Die turbulente Zeit verbucht die blonde junge Frau als positiven Stress, schließlich ist ihr Kindheitstraum, Schauspielerin zu werden, in Erfüllung gegangen. Denn schon früher hat sie sich gerne verkleidet, im Kindergarten und in der Schule hat sie Theater gespielt. Allerdings musste sie dort immer die Männerrollen übernehmen, weil sie schon damals für ihr Alter relativ groß gewesen ist.

"Und dann hab ich in der fünften Klasse im Gymnasium bei `König Drosselbart` nicht die Prinzessin gespielt, sondern deren Vater. Und das war so furchtbar, weil ich war in der Pubertät, und ich wollte ein Mädchen und die Prinzessin sein. Ich weiß nicht, ob das nicht einer der Punkte war, wo ich dachte: Mann, ich muss das richtig machen, damit ich nicht in so einen blöden Goldmantel gewickelt werde, das war furchtbar."

Von ihrem ursprünglichen Plan, nach dem Abitur auf eine Schauspielschule zu gehen, hat sie sich inzwischen allerdings verabschiedet. Die zahlreichen Förderpreise ermöglichen es ihr, privaten Schauspielunterricht zu nehmen.

Dabei ist es eher einem Zufall zu verdanken, dass Rosalie Thomass ihre Karriere schon so früh begonnen hat. Als sie fünfzehn ist, macht ihre Mutter ein Praktikum in einer Casting-Agentur. Rosalie besucht sie dort und wird direkt für einen Kurzfilm besetzt. Darin spielt sie Emily, ein Mädchen das verfolgt und gehänselt wird und deswegen von einem Hochhaus springen möchte.

"Andere Leute ackern sich da wund, bis sie mal soweit kommen und überhaupt `ne Agentur finden, die sie dann aufnimmt und mir ist das echt so total zugeflogen vom Schicksal-Glück oder so. Das ist total schön, weil ich das Gefühl habe, ich bin auf dem richtigen Weg, weil immer wieder Dinge passieren, die so perfekt in meinen Weg passen, und das ist halt ein Traum."
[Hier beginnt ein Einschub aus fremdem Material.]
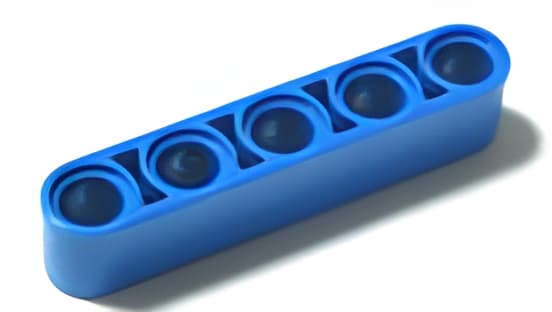 ���S(LEGO) �p�[�c �A�C�e��No:32316 �e�N�j�b�N/���t�g�A�[�� 1x5/��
Trotz der vielen Preise für ihre ergreifende schauspielerische Leistung im "Polizeiruf 110" hat sich Rosalie Thomass eine gewisse Leichtigkeit bewahrt. Sie sei zu dem Entschluss gekommen, dass sie mit gerade einmal neunzehn noch Fehler machen dürfe, erklärt sie. Ihre Mutter, die sie mit ihrer ganz persönlichen Dankesrede beim Bayrischen Fernsehpreis zu Tränen gerührt hat, habe ihr diese Bodenständigkeit und tiefe Ruhe vermittelt.

"Klar es gibt immer Zeiten, wo man denkt: ‚Oh ich kann nichts und oh Gott, jetzt kommt nie wieder ein toller Film, und alle erwarten jetzt ganz viel von mir.`Aber so ganz tief, wenn ich ehrlich bin, glaube ich total, dass ich das kann, und dass ich den Beruf mein Leben lang machen will und dass das auch funktionieren wird, auch wenn es Höhen und Tiefen gibt."

Die Nachwuchsschauspielerin legt großen Wert darauf, auch ein Leben abseits des Filmbusiness zu führen. Nach dem Deutschen Fernsehpreis ist sie in ihre alte 6er-WG in München gefahren, hat die Blumen ihren Mitbewohnern geschenkt und den Rest des Abends nicht mehr über Film geredet.

Mittlerweile lebt sie in Berlin-Kreuzberg mit einer Freundin, die nichts mit Film zu tun hat. Wenn Rosalie Thomass nicht gerade dreht, schläft sie aus, frühstückt gerne lange, fährt mit dem Fahrrad durch Kreuzberg und versucht, alle ihre Freunde zu treffen. Momentan hat sie dafür allerdings keine Zeit.

"Ich hab so das Gefühl, da fährt so ein Zug und ich muss nur aufspringen. Und das tue ich auch, aber ein Bein hängt noch so raus. Das muss noch so mit rein, ich komme fast nicht hinterher."